Defendant argues on appeal that it was K.S. who initiated the interaction, but that argument fails to appreciate the context of their interaction. As we have described, defendant routinely walked around naked in her house in front of K.S. and her children, and there were occasions when K.S. was in elementary school when she would require his presence while she showered, causing K.S. to become physically attracted to her. In other words, defendant had laid the groundwork for their sexualized relationship. Further, K.S. testified that defendant had not helped him urinate for several years before this incident. Thus, while we recognize the evidence showed that K.S. initially told defendant that he needed to go to the bathroom, and that he did so for the purpose of manipulating her into "helping" him, the jury could reasonably infer that when defendant offered to accompany K.S., she intended to seize the opportunity presented by K.S. to molest him. Indeed, when K.S. told defendant that he needed to urinate, it was defendant who asked K.S. if he needed help. To suggest that defendant was simply the unwitting victim of K.S.'s manipulation is to ignore the context of their relationship, and defendant's relationships with her other young boys.

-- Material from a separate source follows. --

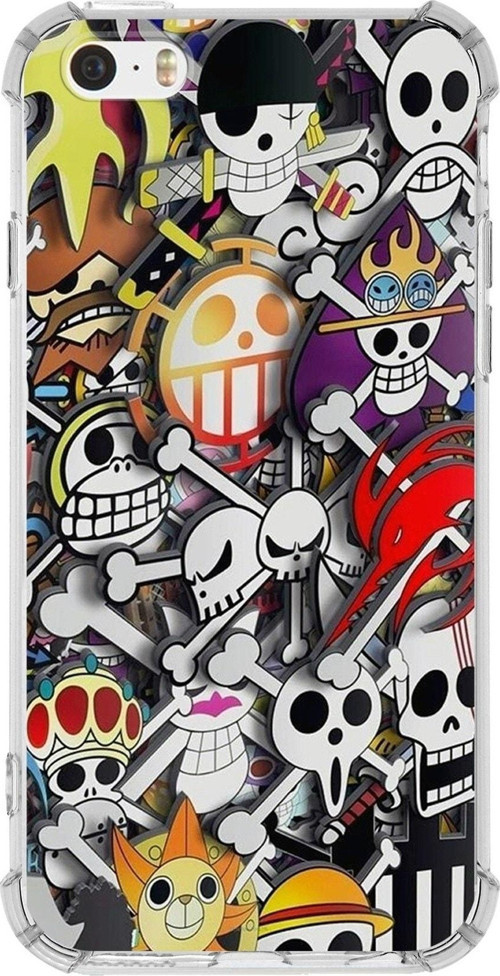 Iphone 5Se Uyumlu Köşe Korumalı Antişok Kapak Anime Tasarımlı Şeffaf Kılıf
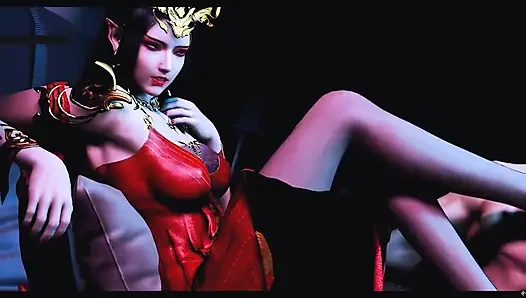 Goddess of the Pixel Realm: Lekuk pantat tanpa kursi - hentai animasi 3D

Defendant also argues that the evidence was insufficient to prove her lewd intent because an adult person holding a seven-year-old's penis is necessarily going to be touching the seven-year-old's testicles, and the incident only lasted 10 to 15 seconds. We disagree. First, there is no requirement that the lewd or lascivious act be of any specific duration, and defendant offers no support for the assertion that she could not have had a lewd intent during an interaction lasting 10 to 15 seconds. Indeed, our Supreme Court has recognized that" 'a lewdly intended embrace innocently and warmly received by a child might violate [Pen. Code] section 288.'" (People v. Lopez (1998) 19 Cal.4th 282, 290.) If a brief hug can constitute a lewd act if accompanied by the requisite intent, so can holding a boy's penis.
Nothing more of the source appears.